For the entries below, copy exactly the line that contains "GAIAM Women's Tie-Dye" through the line that contains "نمای راست SSD", both ends included, and exclude all pictures.

● STUDY MATERIAL:
--------------------

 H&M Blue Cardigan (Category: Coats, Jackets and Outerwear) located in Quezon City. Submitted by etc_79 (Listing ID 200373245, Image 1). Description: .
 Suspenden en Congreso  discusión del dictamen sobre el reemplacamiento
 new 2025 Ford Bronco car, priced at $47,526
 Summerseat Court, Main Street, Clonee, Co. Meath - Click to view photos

--------------------

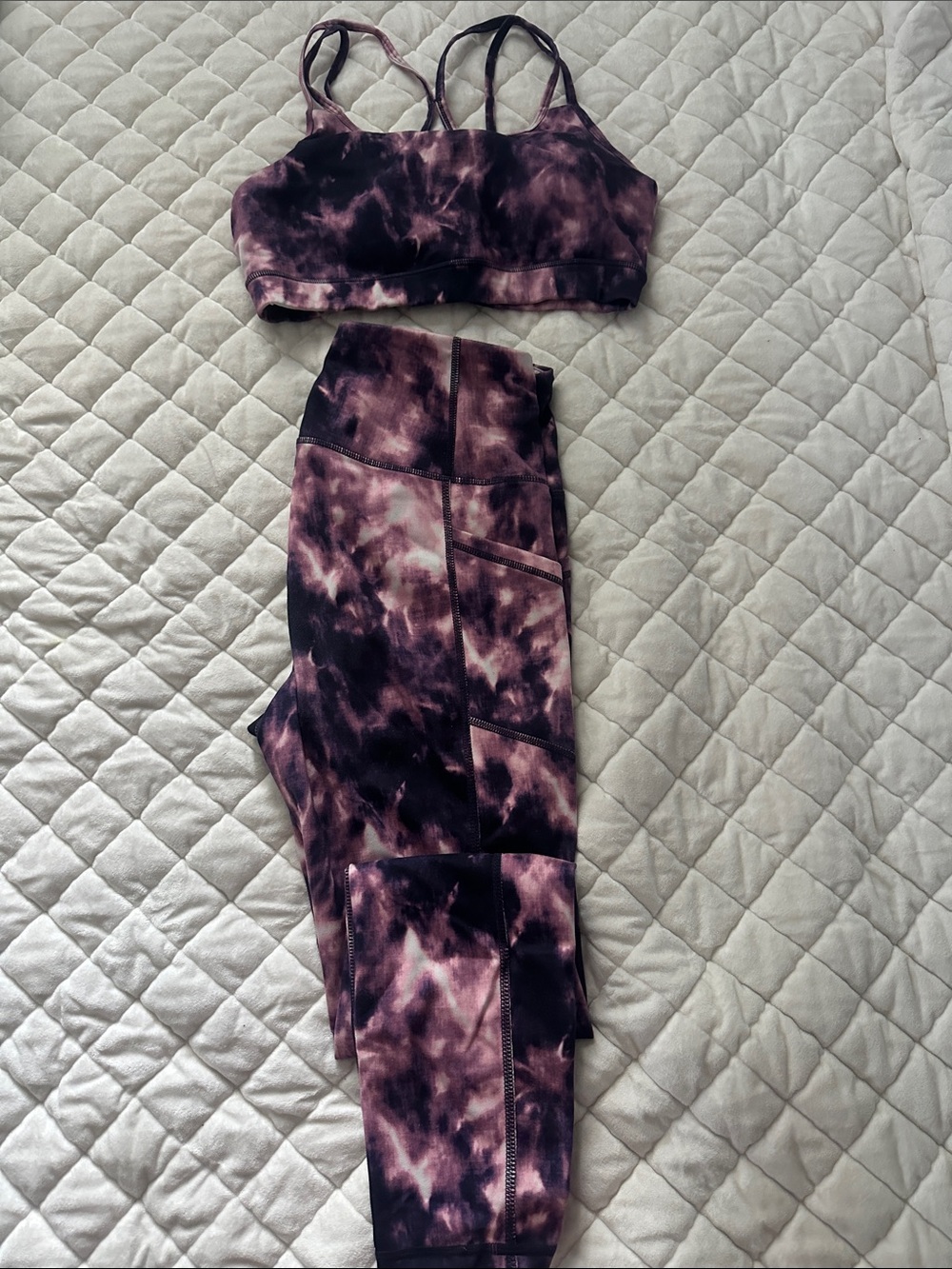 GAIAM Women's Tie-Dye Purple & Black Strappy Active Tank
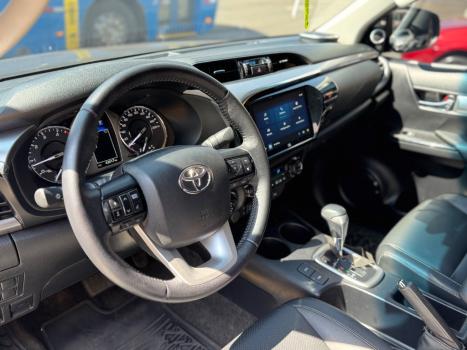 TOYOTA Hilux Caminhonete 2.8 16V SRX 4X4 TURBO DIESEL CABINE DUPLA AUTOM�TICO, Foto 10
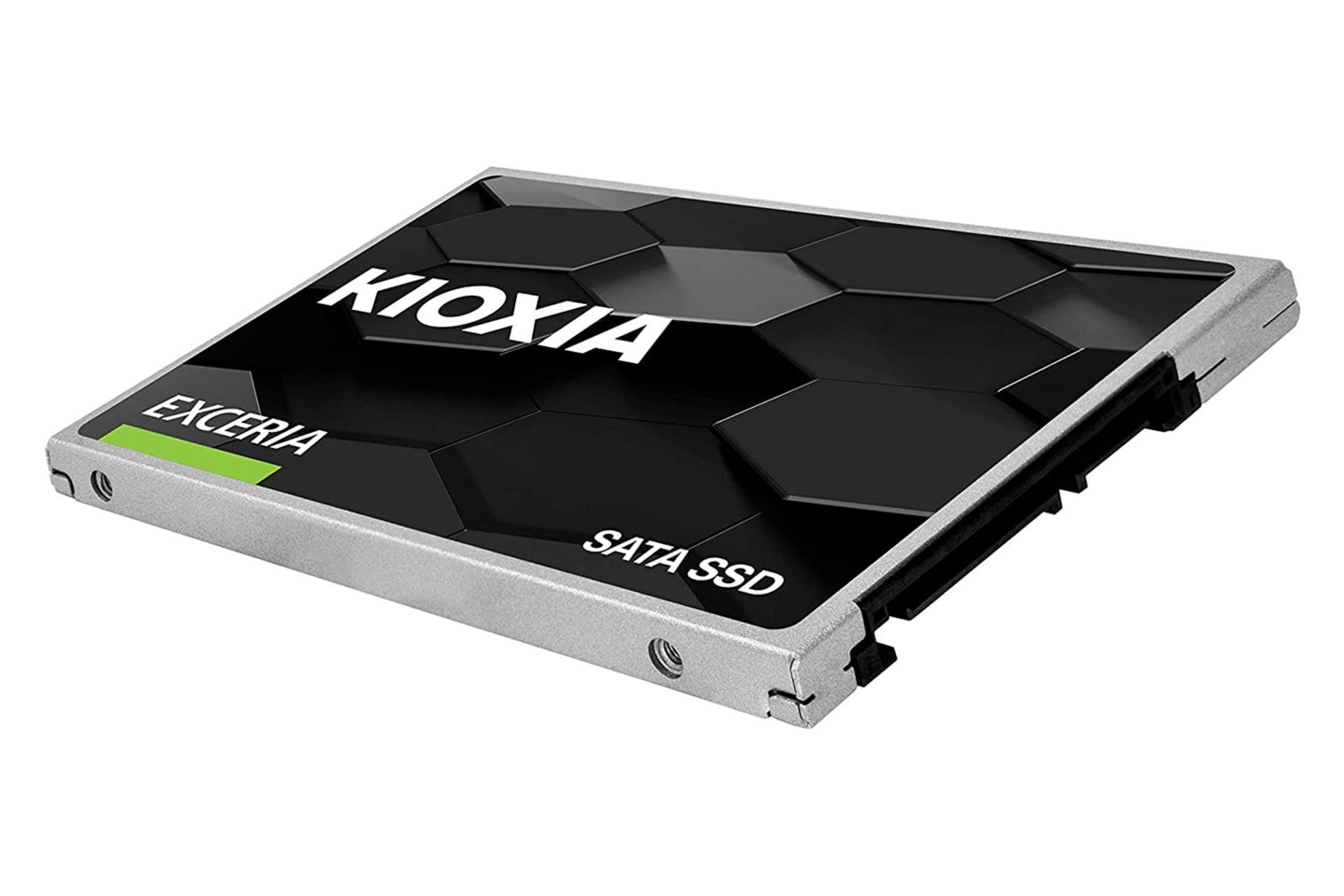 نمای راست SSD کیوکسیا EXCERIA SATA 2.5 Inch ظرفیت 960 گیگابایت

--------------------

● TASK ANSWER:
 GAIAM Women's Tie-Dye Purple & Black Strappy Active Tank
 TOYOTA Hilux Caminhonete 2.8 16V SRX 4X4 TURBO DIESEL CABINE DUPLA AUTOM�TICO, Foto 10
 نمای راست SSD کیوکسیا EXCERIA SATA 2.5 Inch ظرفیت 960 گیگابایت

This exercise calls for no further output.